Объединив французский кубизм, итальянский футуризм и русский конструктивизм, художники ар-деко создали свою азбуку дизайна: стилизованные букеты, юные девы, мускулистые юноши, элегантные олени и лучи вечно восходящего солнца. В ар-нуво орнамент был повторяющимся и ассиметричным, как волна. Искусство ар-деко любило энергичный зигзаг, подражавший молнии.
Главным в новом стиле считалась беспрецедентность. XX век тогда был еще молодым, но уже умудренным. Он чурался пышного прошлого, которое привело к катастрофе, и жаждал обновления жизни или – хотя бы – ее стиля. Поэтому пафос выставки заключался в ее оригинальности. Организаторы запретили участникам использовать классические мотивы. Для этого художникам пришлось отказаться от универсального языка античности, которым они пользовались 25 столетий. (Исключение сделали только для Италии, ибо считалось, что без колонн ей жить так же трудно, как без оливкового масла.) Парижане отвели экспозиции громадную эспланаду, ведущую к Дому инвалидов. Через шесть месяцев все павильоны должны были снести. Недолговечность выставки провоцировала дерзость зодчих, азартно игравших новыми формами и материалами. Лучше всех с этим справилась советская Россия, блеснувшая конструктивизмом, впервые, как считают историки, привившим архитектуре любовь к стеклу и бетону.
Выставка покорила мир, хотя его там было не так уж много. Англичан представляли шотландские дизайнеры. Мастера тевтонской Европы не приехали вовсе – приглашение пришло слишком поздно. Американцам, и это самое интересное, не нашлось что показать.
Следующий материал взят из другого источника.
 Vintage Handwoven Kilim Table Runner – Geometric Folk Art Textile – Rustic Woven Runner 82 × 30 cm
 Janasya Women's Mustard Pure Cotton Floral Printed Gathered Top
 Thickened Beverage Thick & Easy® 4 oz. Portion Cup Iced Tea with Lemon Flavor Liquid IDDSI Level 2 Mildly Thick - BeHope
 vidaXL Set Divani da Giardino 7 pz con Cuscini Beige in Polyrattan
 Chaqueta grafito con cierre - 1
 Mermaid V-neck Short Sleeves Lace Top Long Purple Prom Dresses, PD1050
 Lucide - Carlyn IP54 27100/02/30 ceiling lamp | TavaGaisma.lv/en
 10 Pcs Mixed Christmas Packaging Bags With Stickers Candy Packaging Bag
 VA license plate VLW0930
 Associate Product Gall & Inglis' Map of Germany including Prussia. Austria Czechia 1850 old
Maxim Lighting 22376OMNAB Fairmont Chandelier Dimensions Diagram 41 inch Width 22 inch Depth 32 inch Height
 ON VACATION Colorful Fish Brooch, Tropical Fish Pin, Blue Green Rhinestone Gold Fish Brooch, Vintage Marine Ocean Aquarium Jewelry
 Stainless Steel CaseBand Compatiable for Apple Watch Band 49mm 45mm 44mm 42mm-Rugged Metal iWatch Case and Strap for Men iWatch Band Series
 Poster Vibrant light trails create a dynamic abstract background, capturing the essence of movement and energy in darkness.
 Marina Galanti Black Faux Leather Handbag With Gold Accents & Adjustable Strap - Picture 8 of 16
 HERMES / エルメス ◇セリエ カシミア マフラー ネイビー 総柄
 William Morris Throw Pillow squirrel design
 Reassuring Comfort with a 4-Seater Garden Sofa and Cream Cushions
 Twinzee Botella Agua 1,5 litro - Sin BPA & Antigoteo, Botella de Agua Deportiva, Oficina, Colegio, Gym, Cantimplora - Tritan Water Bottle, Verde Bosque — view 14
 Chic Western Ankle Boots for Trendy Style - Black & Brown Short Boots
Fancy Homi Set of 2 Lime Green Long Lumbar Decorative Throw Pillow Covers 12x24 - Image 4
Это никого не удивило. Американцев привыкли считать богатыми и безнадежно безвкусными родственниками. Оплакивая открытие Америки, Зигмунд Фрейд назвал ее «большой ошибкой». Европа, ее думающая часть, была с ним согласна – даже после Первой мировой войны. Хотя после нее Америка стала первой державой, Новый Свет был все еще отдушиной Старого. Здесь спасались от истории и зарабатывали на жизнь. Америка была эстетической окраиной, отсталым захолустьем, где Европа повторяла себя в карикатурном виде: античный портик в провинциальном банке.
При этом Америка уже могла предъявить XX веку собственное уникальное достижение – небоскребы. Но научившись их строить, американцы еще не поняли – как. Первые высотки искали себе предшественников в готических соборах. Память об этом заблуждении хранит Питтсбург, где посреди города стоит университетский «Кафедрал науки». Издалека он напоминает церковь, внутри – тем более: лес колонн, цветные тени от витражей, полумрак, гулкое эхо. Однажды я читал там лекцию и не успел заметить, как она сама собой превратилась в проповедь.
Тем не менее небоскребная готика нашла себе пылких поклонников. Даже дерзкий модернист Эзра Паунд, который призывал «сделать мир новым», с восторгом принял архитектуру первых нью-йоркских высоток. Одна из них – Вулворт. Наряженный до умиления, он напоминает как невесту, так и ее свадебный торт. Лишенная внутреннего содержания и внешнего смысла, американская готика казалось пародией на настоящую. Она никуда не вела, потому что ничего не говорила небу, а ведь диалог с ним – тайный умысел всякой вертикали. Освоив лифт и сталь, небоскреб стал выше всех. Но вытянувшись намного дальше своих предшественников, он оставался немым, пока не обучился языку заморского стиля.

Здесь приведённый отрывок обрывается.